In machine language, the language that a processor understands and can interpret, there are no concepts of variables, functions, arrays, OOP objects, and so forth. To access data in machine language, we need to work directly with memory addresses. Here's an Assembly Language example:

; MOVE A VALUE INTO THE RAX REGISTER

  mov rax, 0x4A4F5921

; MOVE VALUE IN RAX (64-bit register) TO MEMORY
; ADDRESS 0xFF01DFABFADECA69.

  mov [0xff01dfabfadeca69], rax

From low-level assembly to highly level programming languages, memory addresses of data are represented through an abstraction layer that simplifies and hides the underlying complexities, by replacing memory addresses with names. The compiler converts those names to memory locations at compile time so developers can focus more on the concepts of their solution instead of the underlying complexities.

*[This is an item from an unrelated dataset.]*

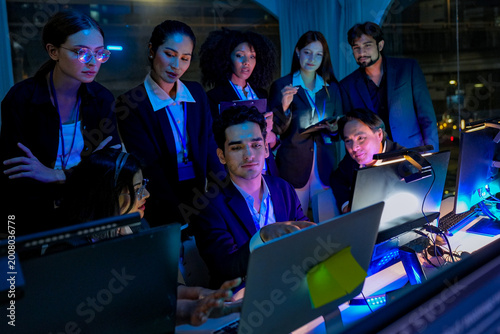 Bild auf Leinwand Friendly senior East Asian employee smiling genuinely while working late at night in a dimly lit office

Here's how to use variables in Assembly Language (NASM example):

.data

  ; CREATE A 4-BYTE INTEGER VARIABLE AND DEFINE A VALUE

    Msg: dd 0x4A4F5921

  ; CREATE A VARIABLE TO STORE DATA IN
  
    Msg2: dd 0x0
    
.code

  ; LOAD DATA FROM MSG1 AND STORE IT IN MSG2
  
    mov rax, [msg1]
    mov [msg2], rax

C++ provides many facilities to developers to help them produce powerful solutions without having to access memory directly. However, there are times when such access is necessary, and C++ provides developers with the tools to accomplish such tasks.

The Joyous Challenge:

Understanding the underlying complexities can provide us with in depth knowledge which will allow us to make more informed decisions in our code.

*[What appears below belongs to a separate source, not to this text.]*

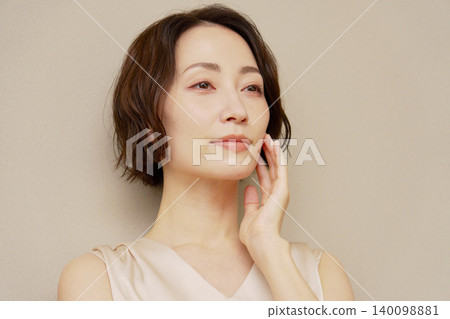Middle-aged woman portrait brown background Middle-aged woman portrait brown background 140098881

One such complexity is how data is stored in memory, especially on a variety of different processors which could store data in the Little Endian or Big Endian formats.

The Joyous challenge is to print the byte and bit structures of a given data type.

The Joyous Solution:

C++ incorporates a lot of safety and security measures with most of its Standard Library. However, when working with the lower-level facilities in C++, we work without any security safety nets and therefore we must be diligent at providing our own. We do not want to crash the application, cause memory leaks, or allow access to memory outside the scope of our algorithm or data, among other security issues.

For our solution, we will be using pointers, type conversions, and templates.

Coding the Solution:

The smallest unit of bits that can be read from and written to memory on most modern processors is called a "byte", which generally consists of a string of 8 bits. However, the authoritative information on C++ suggests it could possibly be bigger on specialized processors. This blog assumes you are coding on a modern processor, like an Intel, AMD, or ARM, which all have 8-bit bytes.

The byte is an integer value which can contain the decimal (base 10 number system) values of -128 to 127 for signed integers, or 0 - 255 for unsigned integers. C++ has multiple "data types" that work with bytes, such as: CHAR, UNSIGNED CHAR, INT8_T, UINT8_T, and STD::BYTE. Please note: Though these byte data types are defined in modern C++ specification, not all compilers, or compiler versions may provide them. Please check your compiler documentation for further information.

To visually see how data is accurately stored in memory, we need to read it byte by byte. We can do this with pointers in C++.

The first hurdle to overcome is pointer data types, which must be the same as the data type whose memory we want to access. For example, if the data type is an INT (an integer), then the pointer must also have the data type of INT, as seen in the following example:

int main() {

    int Value { 127 };
    // char *PValue { &Value }; // ERROR - NOT AN INT TYPE
    int *PValue { &Value }; // CORRECT - BOTH ARE INT TYPES
    
}

In the example above, when we read the memory pointed to by the "PValue" pointer, we receive all the bytes defined by the size of an "INT" type, which on 32-bit processors, and above, is 4-bytes.

To create a pointer with a different data type than that of the data, which in our case, we want to create a byte-size pointer to access the 4-byte (INT) variable, we need to recast the pointer data type (Reinterpret the bit pattern from one data type to another). There are currently (as of C++ 20) six ways to recast a pointer, but we will only look at two of them in this blog post: reinterpret_cast and static_cast (for complete details on these two type conversion operators, please see the links provided at the end of this post).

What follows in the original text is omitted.